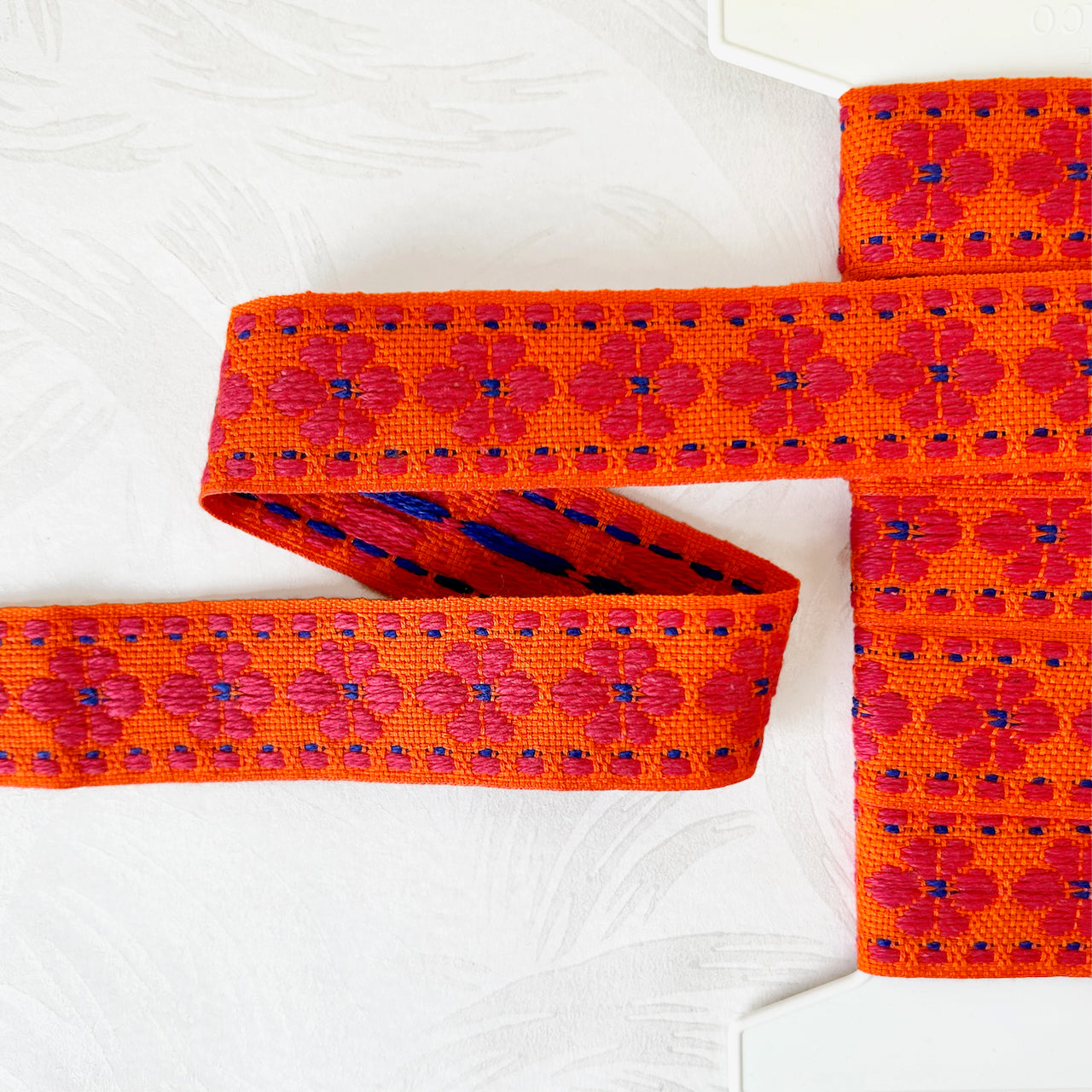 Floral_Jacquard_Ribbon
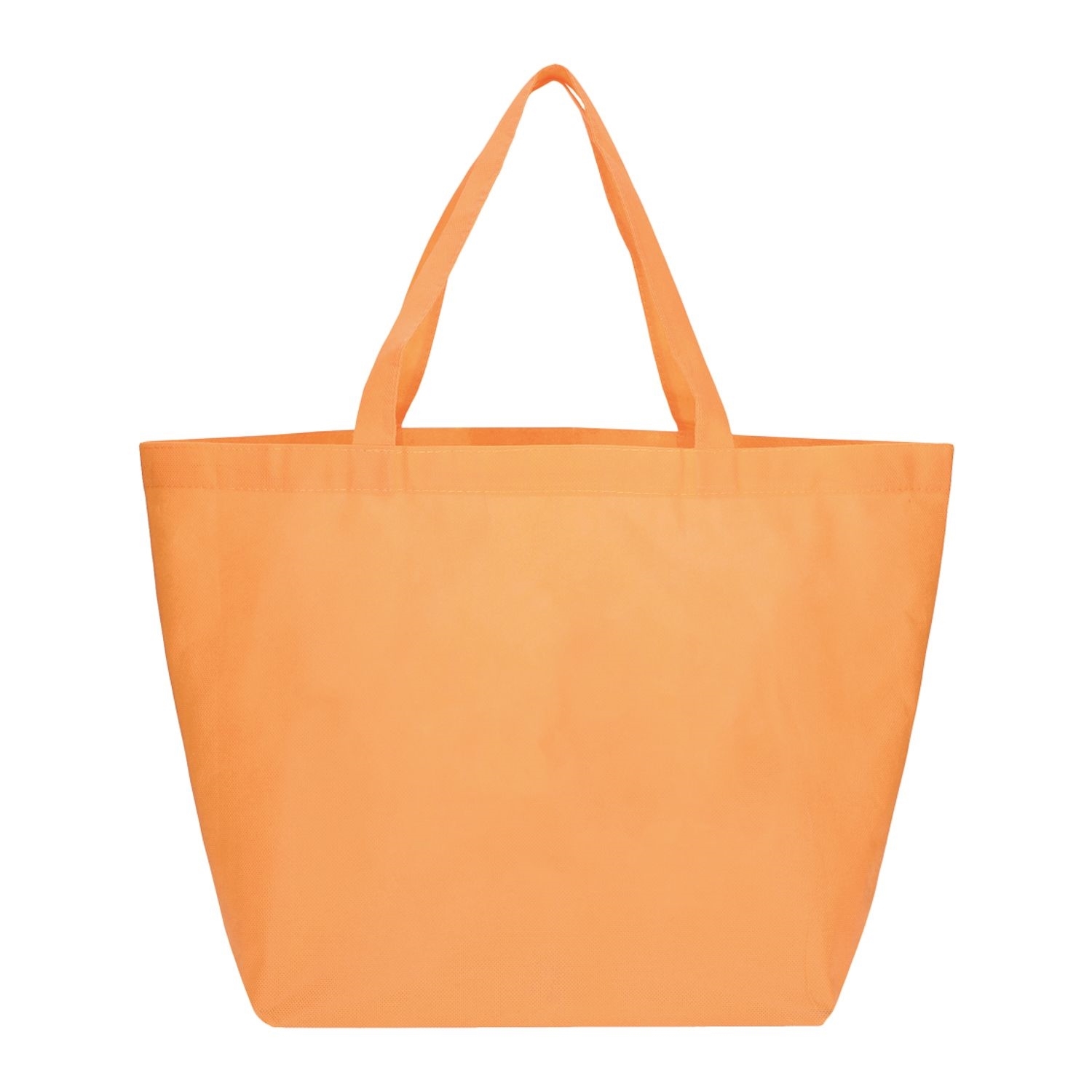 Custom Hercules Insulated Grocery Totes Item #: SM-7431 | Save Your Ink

...

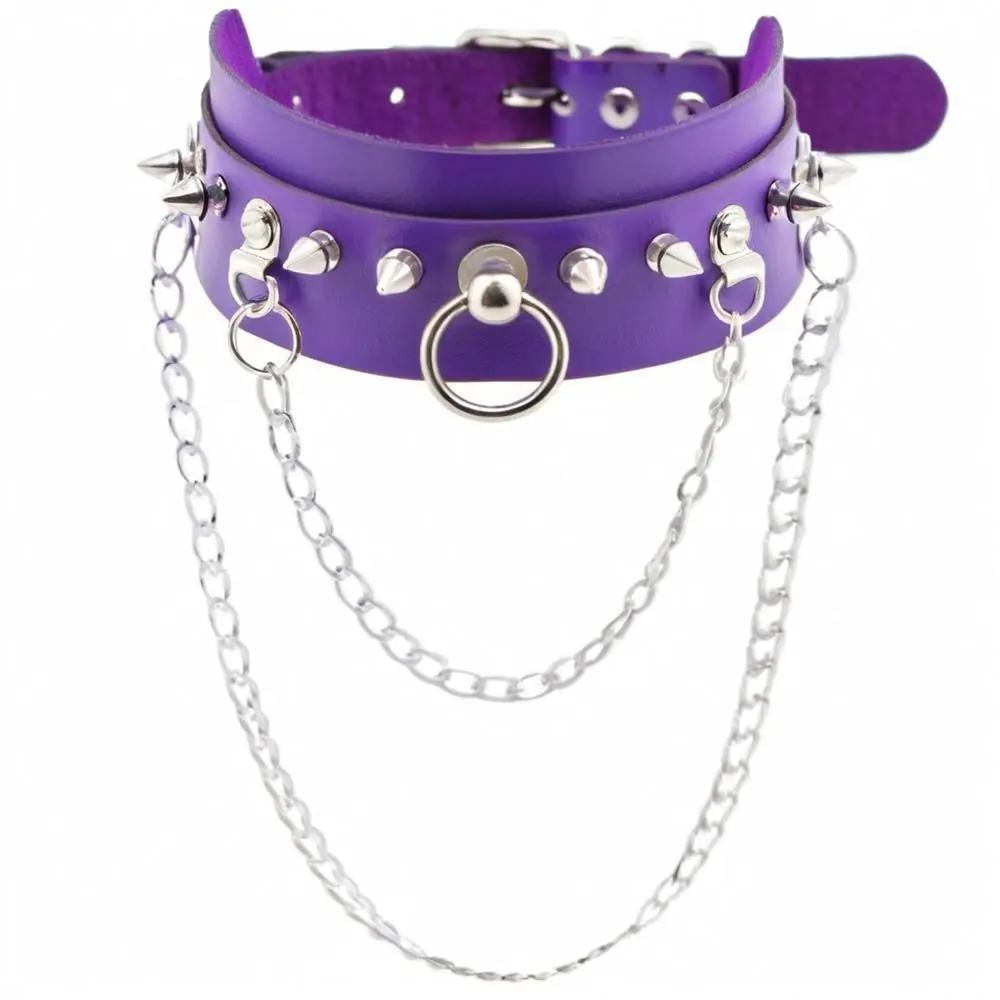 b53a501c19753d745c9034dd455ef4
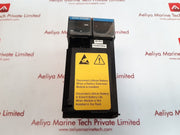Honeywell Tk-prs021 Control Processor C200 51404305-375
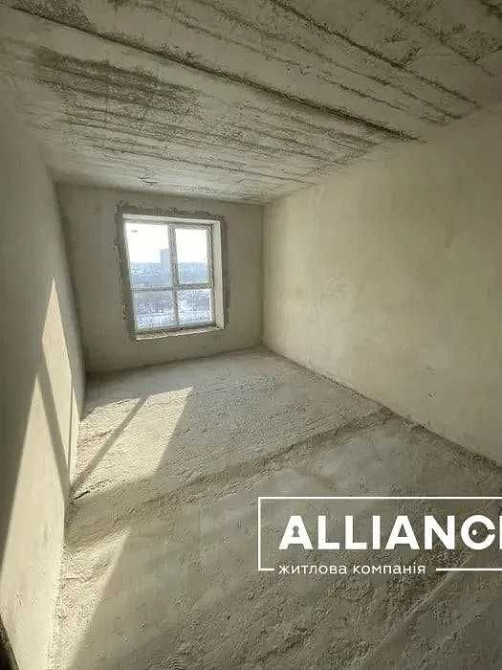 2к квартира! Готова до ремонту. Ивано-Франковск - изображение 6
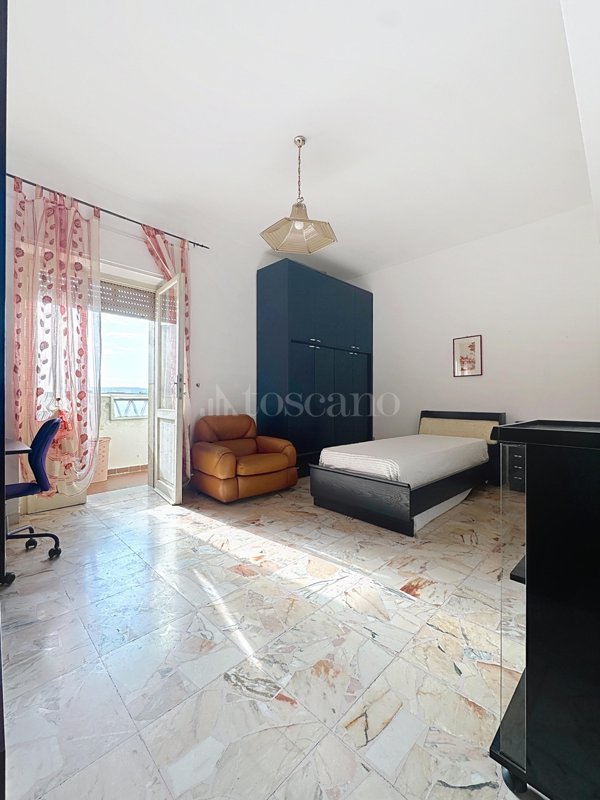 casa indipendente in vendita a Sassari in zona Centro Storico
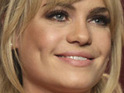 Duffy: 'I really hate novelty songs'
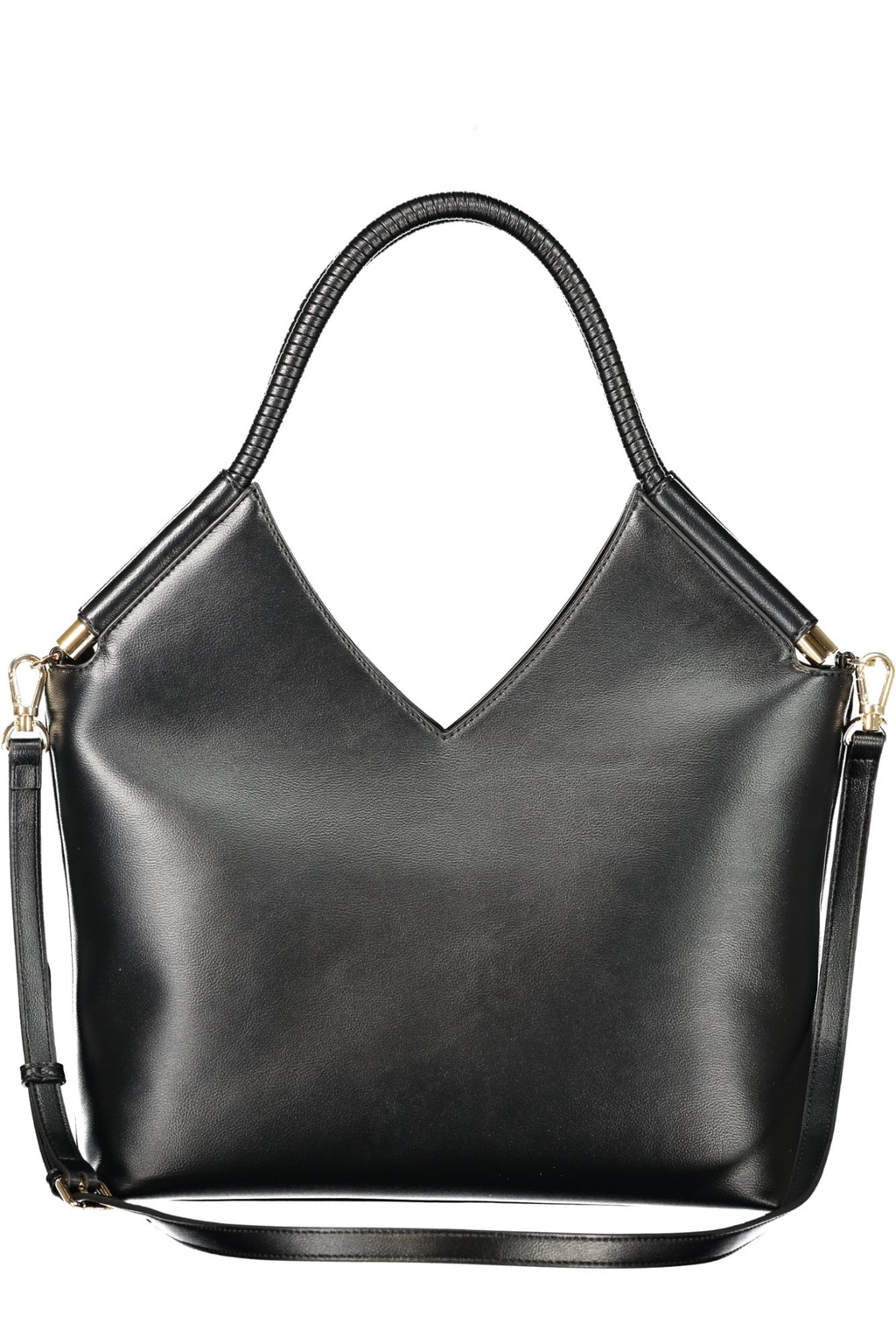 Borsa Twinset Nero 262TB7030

To do –
Although pictures appear among the records above, none are to be output; print exactly the lines from the line containing "2к квартира! Готова" through the line containing "Borsa Twinset Nero 262TB7030".

Response –
 2к квартира! Готова до ремонту. Ивано-Франковск - изображение 6
 casa indipendente in vendita a Sassari in zona Centro Storico
 Duffy: 'I really hate novelty songs'
 Borsa Twinset Nero 262TB7030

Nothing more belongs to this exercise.